Aspasia (c. 4th century AD) was an ancient Greek, Athenian physician who concentrated on obstetrics and gynecology. During this time period in ancient Greece, women did not have access to higher education, so they found themselves restrained to common housekeeping roles. The ancient Greeks viewed medicine as a divine science that came as a gift from the gods, so they did not allow women or slaves to become educated in medicine. It wasn’t until Greek historian Xenophon (ca 430 BC to 354 BC), who helped create a piece of local legislation in Athens stating, that women should have the social role of protecting their family’s health, creating the path towards medico-philosophy. It wasn’t until the Roman Emperor Julius Caesar (100 BC to 44 BC), who ordered that all women who were educated in medicine should be granted special privileges, that women could gain citizenship and be relieved  from almost all taxes.After the proclamation from Julius Caesar, women began to adopt new roles in medicine as physicians, midwives, surgeons, druggists, herb collectors, nurses, therapists and wet nurses. It was during this time when Aspasia became such an impressive physician who made many valuable discoveries on the medico-philosophical knowledge, challenging the sex barrier in ancient Greece. 
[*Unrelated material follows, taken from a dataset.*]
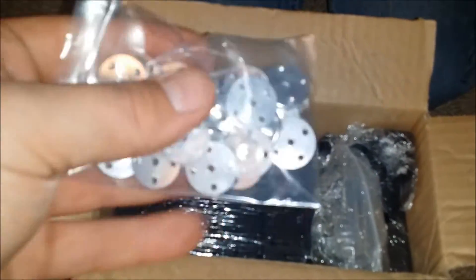Here's the remote — looks like a PlayStation remote — and just a figure of a person and some wires in there. There's another box here. These look like they must be the feet, and there are some connectors in here.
She gained fame as a midwife and gynecologist, founding the origins of the obstetrical practice, regarding both early techniques of induced abortions and the surgical management of the early failure of pregnancy. She frequently tried to impress upon her patients the necessity of extreme carefulness in order to avoid abortion. Her work influenced physicians and surgeons of the Byzantine period, including Aetius of Amida, and Paul of Aegina. She was highly regarded by fellow physicians of her age, with Aetius considering her as a medical genius and at least equivalent to the best male surgeons of her time. Aspasia would advise her pregnant patients to avoid chariot rides, violent exercise, and avoid spicy foods in order to reduce the chance of an unwanted abortion. Because Aspasia was trustworthy and exceptional at being a physician, she would perform abortions only if the pregnant women’s life is endangered or if there was some other conditional making the patient unsuitable for pregnancy.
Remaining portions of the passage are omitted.